__TASK BRIEF__:
Retype the listing below line for line, but only from the line with "Hello, I'm Becca." down to the line with "We've recently submitted", inclusive. Pictures stay out.

__INPUT FOR THIS TASK__:

---

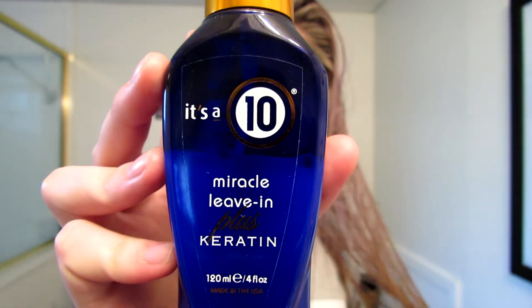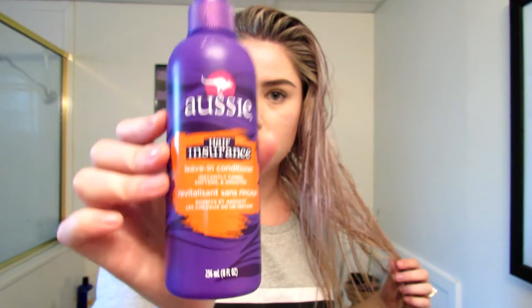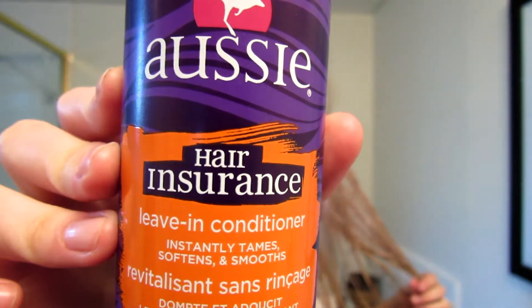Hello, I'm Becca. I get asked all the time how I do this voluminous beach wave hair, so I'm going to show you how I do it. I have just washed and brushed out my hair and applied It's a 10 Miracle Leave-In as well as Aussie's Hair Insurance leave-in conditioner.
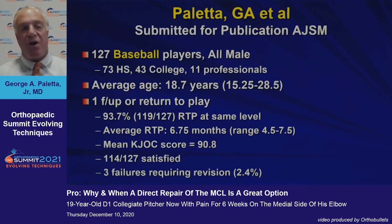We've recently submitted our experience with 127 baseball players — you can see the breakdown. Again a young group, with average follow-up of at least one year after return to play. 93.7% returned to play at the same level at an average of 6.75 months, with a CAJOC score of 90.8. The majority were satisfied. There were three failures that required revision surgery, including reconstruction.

---

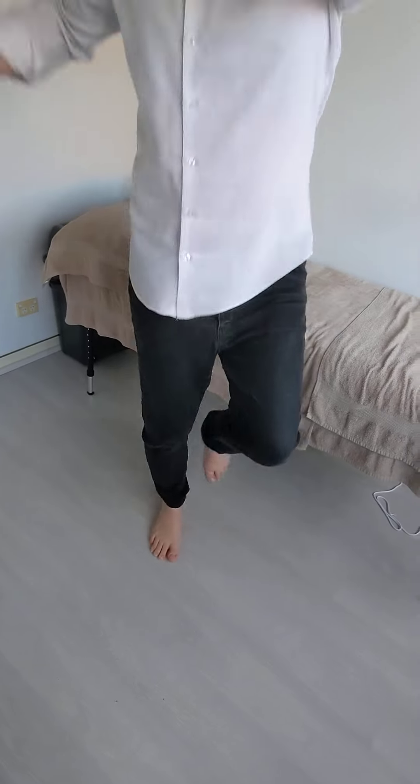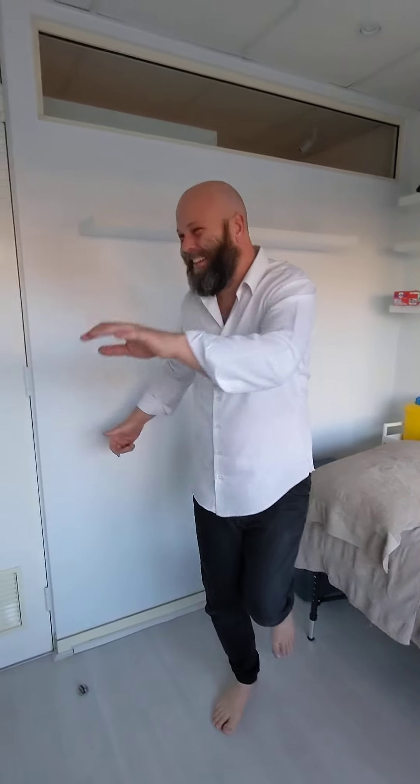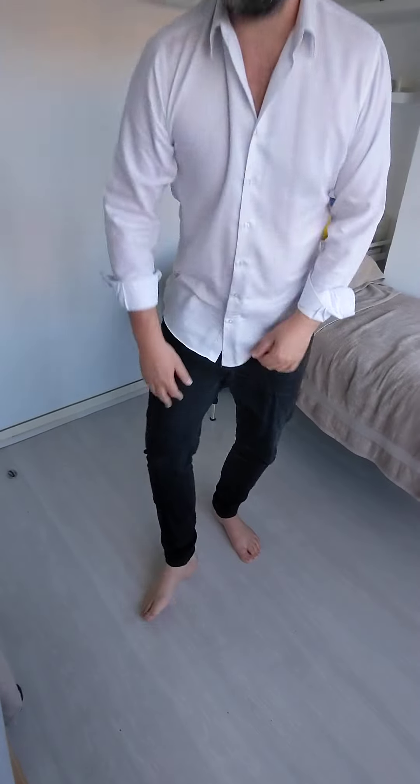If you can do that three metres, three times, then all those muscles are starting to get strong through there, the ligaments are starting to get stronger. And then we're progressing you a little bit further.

---

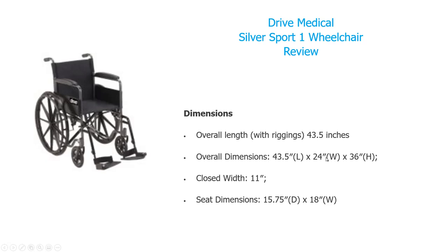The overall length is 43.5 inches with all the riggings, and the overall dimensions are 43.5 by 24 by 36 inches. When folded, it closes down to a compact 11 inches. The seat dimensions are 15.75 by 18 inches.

---

__EXERCISE ANSWER__:
Hello, I'm Becca. I get asked all the time how I do this voluminous beach wave hair, so I'm going to show you how I do it. I have just washed and brushed out my hair and applied It's a 10 Miracle Leave-In as well as Aussie's Hair Insurance leave-in conditioner.
We've recently submitted our experience with 127 baseball players — you can see the breakdown. Again a young group, with average follow-up of at least one year after return to play. 93.7% returned to play at the same level at an average of 6.75 months, with a CAJOC score of 90.8. The majority were satisfied. There were three failures that required revision surgery, including reconstruction.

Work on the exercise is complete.